In your copy, reproduce the entries exactly as they are, minus the images.

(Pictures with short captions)

===

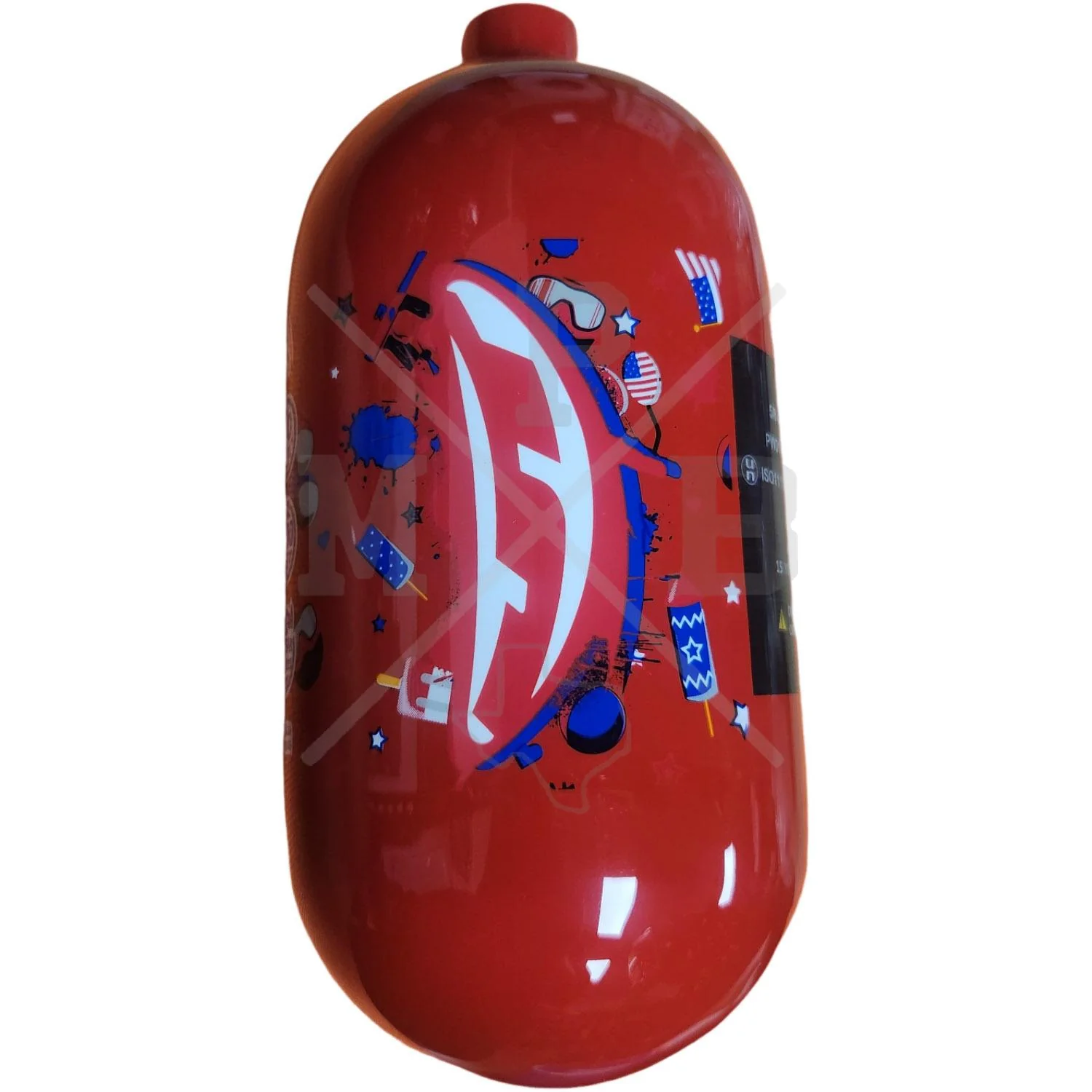 JT Ultra Lite 80/4500 (Bottle Only) - 4th of July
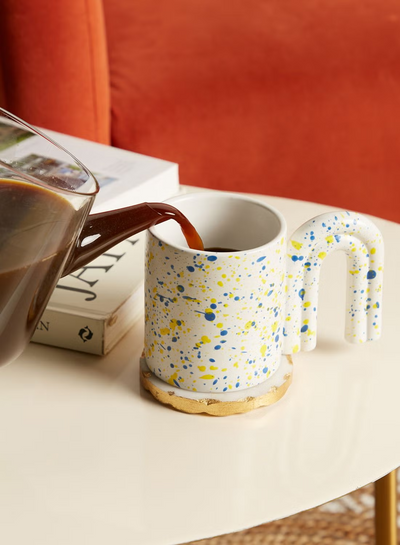 BÅGE Splash-Pattern Mug
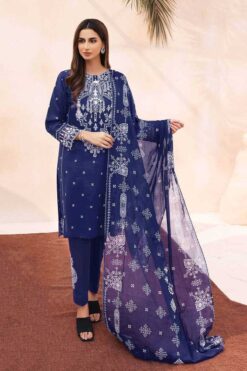 Nishat embroidered summer lawn collections 2023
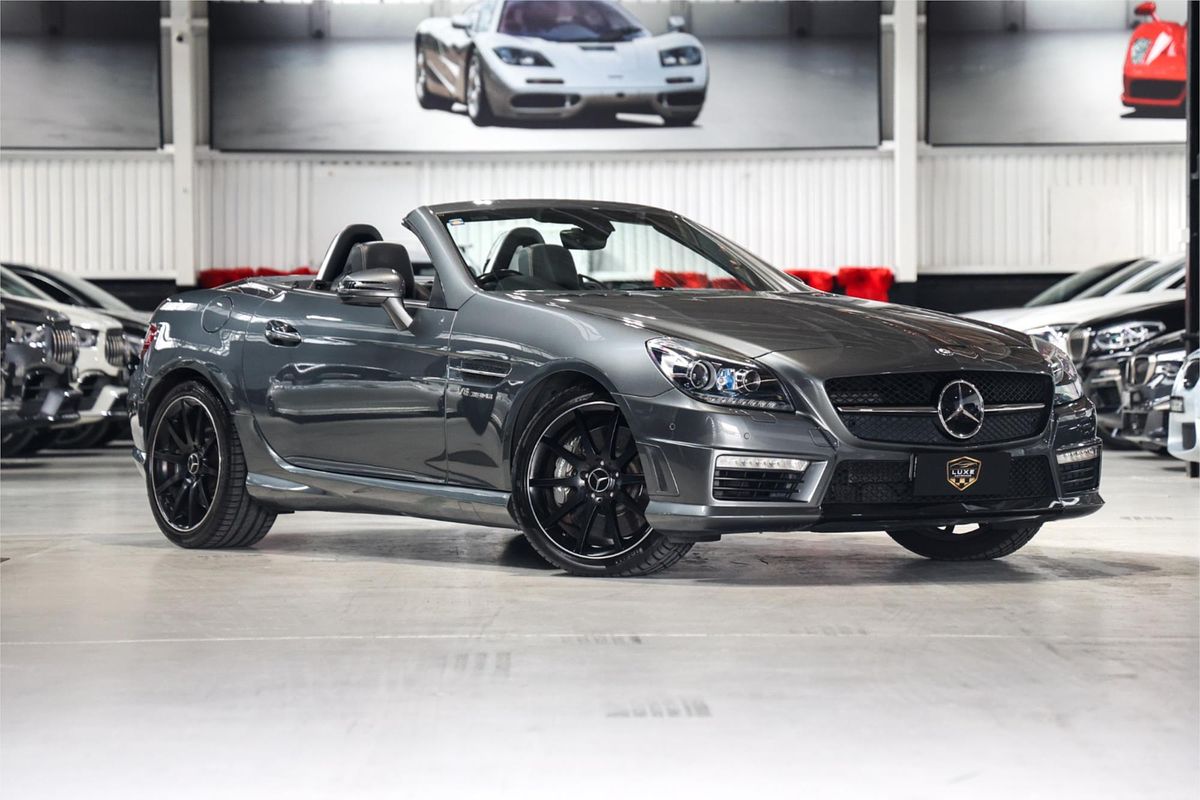 2012 Mercedes-Benz SLK-Class SLK55 AMG R172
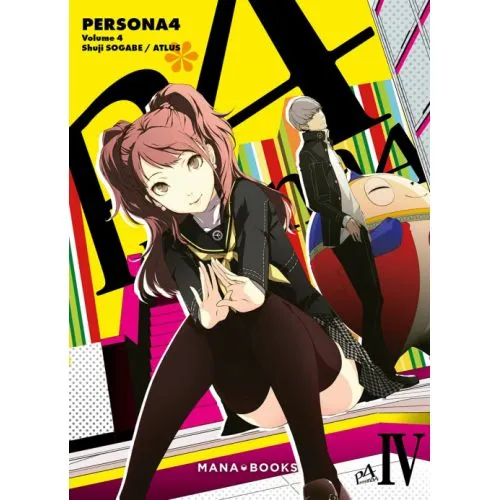 PERSONA 4 TOME 4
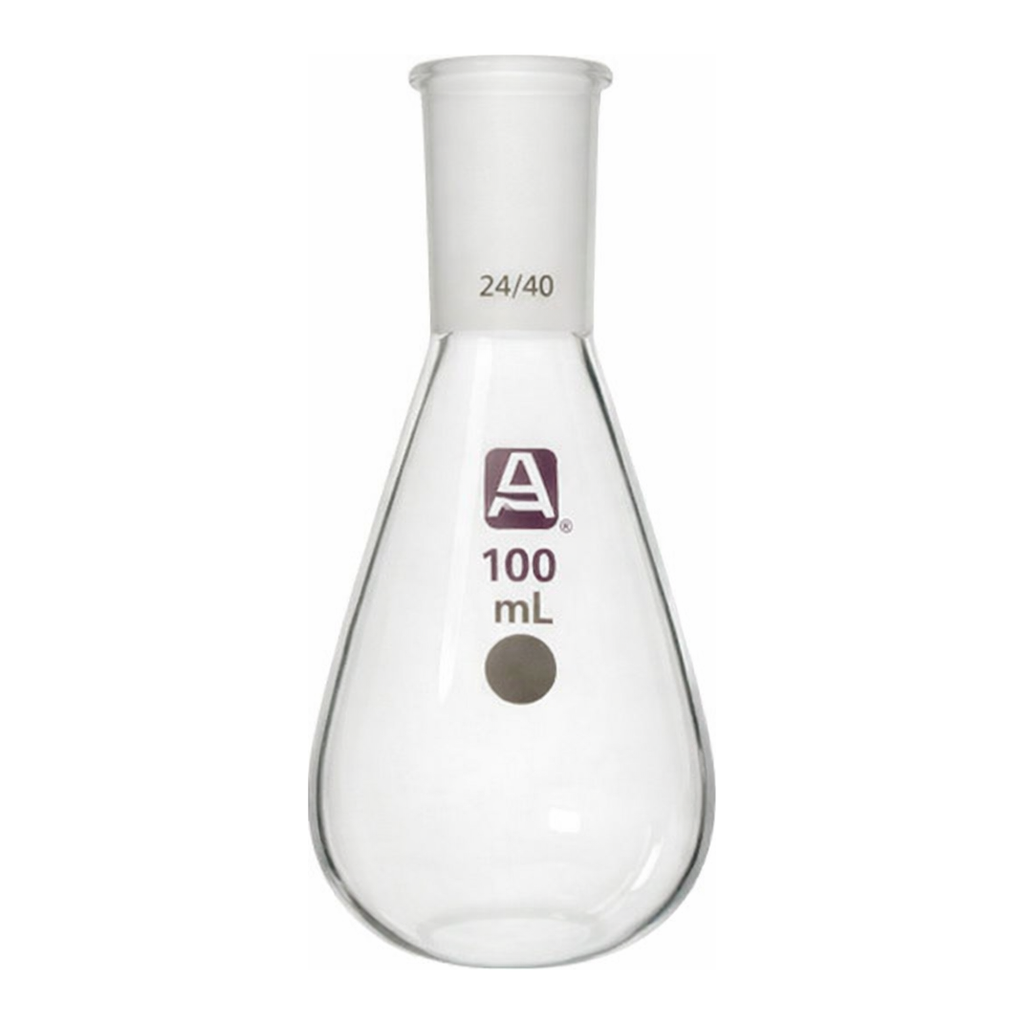 Merck Aldrich evaporating flask, pear-shaped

===

TASK RESPONSE »
 JT Ultra Lite 80/4500 (Bottle Only) - 4th of July
 BÅGE Splash-Pattern Mug
 Nishat embroidered summer lawn collections 2023
 2012 Mercedes-Benz SLK-Class SLK55 AMG R172
 PERSONA 4 TOME 4
 Merck Aldrich evaporating flask, pear-shaped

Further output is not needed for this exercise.